Regarding claim 15, the information processing apparatus according to claim 1,
Imanishi further discloses, wherein the setting information includes information related to which of a plurality of edited videos created based on a plurality of videos obtained by imaging with a plurality of the imaging apparatuses is viewed (Par. 0065, fig.2, The user positions 14A to 14E are respectively associated with imaging devices 102A to 102E, the imaging devices 102A to 102E are placed in the positions corresponding to the respective user positions of a stadium in the real space. Par. 0066, The contents server 100 processes and delivers video and sound that are output from the imaging device 102 associated with a selected user position (i.e. the setting information = user in selecting specific viewpoint in the virtual space 10 in fig. 2) to the user terminal 150 of a user who has selected one of the plurality of user positions in the virtual space 10. Par. 0085, the contents processing unit 134 may process the contents to be delivered to the user terminal 150 according to the distance between the user positions of two or more users in the virtual space 10. Specifically, the contents processing unit 134 may synthesize each frame (i.e. editing the video main video obtained from imaging apparatus 105) to include video from users located in same space) of the main video and each frame of the user video whose size has been changed depending on the distance between the user positions in each frame of video to be delivered to the user terminal 150).
Regarding claim 16, the information processing apparatus according to claim 15,
Imanishi further discloses, wherein the processor generates a video for viewing by superimposing the viewer information related to the viewer of which the setting information is within the predetermined range on the edited video to be viewed (Par. 0084, When delivering contents to a user, the contents processing unit 134 receives moving images containing video and sound (i.e. main video) from the imaging device 102 that is associated with the user position 14 in which a delivery destination user is located. Par. 0093, the user video superimposed on the main video, according to the distance between users in the virtual space 10, a user can more strongly recognize the action of other users located nearby. Particularly, by increasing the weight of the user video of users who are located in the same user position (i.e. user selected viewpoint is within predetermined range of other users), a user can share the main video or the main sound while more closely feeling the video or the sound of the users who cheer for the same team or player, i.e. displayed image includes superimposed sound from nearby user who are located in same viewpoint space).

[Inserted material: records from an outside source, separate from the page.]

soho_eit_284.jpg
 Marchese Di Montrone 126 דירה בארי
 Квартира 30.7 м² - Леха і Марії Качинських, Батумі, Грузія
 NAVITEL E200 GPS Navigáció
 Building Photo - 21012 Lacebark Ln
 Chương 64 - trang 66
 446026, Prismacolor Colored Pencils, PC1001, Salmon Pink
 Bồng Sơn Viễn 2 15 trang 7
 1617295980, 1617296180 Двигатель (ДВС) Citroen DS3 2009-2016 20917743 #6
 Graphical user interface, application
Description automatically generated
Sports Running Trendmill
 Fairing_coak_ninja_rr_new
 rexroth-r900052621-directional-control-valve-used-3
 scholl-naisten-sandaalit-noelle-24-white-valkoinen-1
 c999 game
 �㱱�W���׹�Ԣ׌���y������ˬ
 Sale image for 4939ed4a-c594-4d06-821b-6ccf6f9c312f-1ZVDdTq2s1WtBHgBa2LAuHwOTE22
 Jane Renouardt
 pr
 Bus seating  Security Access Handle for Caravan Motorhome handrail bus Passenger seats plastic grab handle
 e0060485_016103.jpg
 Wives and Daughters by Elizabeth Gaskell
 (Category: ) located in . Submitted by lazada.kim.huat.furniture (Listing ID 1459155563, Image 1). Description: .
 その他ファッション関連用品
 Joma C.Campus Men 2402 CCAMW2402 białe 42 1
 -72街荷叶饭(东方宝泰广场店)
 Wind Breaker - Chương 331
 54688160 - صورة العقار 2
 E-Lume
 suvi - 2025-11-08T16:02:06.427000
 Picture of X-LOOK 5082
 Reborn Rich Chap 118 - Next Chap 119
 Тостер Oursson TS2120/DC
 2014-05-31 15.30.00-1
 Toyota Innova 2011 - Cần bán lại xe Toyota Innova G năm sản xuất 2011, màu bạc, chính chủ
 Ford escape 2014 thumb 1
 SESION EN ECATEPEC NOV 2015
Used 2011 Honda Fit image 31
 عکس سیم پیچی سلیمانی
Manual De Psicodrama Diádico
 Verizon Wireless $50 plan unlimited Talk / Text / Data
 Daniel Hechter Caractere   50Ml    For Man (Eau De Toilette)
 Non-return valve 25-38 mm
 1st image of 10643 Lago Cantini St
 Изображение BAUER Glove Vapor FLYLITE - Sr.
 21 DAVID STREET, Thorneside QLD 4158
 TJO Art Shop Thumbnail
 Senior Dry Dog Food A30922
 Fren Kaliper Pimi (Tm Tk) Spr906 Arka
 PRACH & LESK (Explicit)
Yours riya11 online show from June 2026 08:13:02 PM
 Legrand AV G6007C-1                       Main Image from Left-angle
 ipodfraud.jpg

Regarding claim 17, Imanishi in view of Xiaojie in further view of Arai meets claim limitation as set forth in claim 1,
Regarding claim 18, Imanishi in view of Xiaojie in further view of Arai meets claim limitation as set forth in claim 1, respectively, Imanishi further discloses, a non-transitory computer-readable storage medium storing a program executable by a computer to perform information processing (see par. 0147).
Claims 3-5 are rejected under U.S.C. 103 as being unpatentable over Imanishi (US 20100251173, part of the Information Discloser Statement of 3/4/2023), in view of Xiaojie (US 20200288112), in further view of Arai (US 20200082603), in further view of Hanamoto et al. (US 20190213791, part of the Information Discloser Statement of 3/4/2023).
Regarding claim 3, The information processing apparatus according to claim 1,
Imanishi in view of Xiaojie in further view of Arai does not disclose, wherein the setting information includes gaze position specification information for specifying a gaze position used to generate the virtual viewpoint image in a region indicated by the image.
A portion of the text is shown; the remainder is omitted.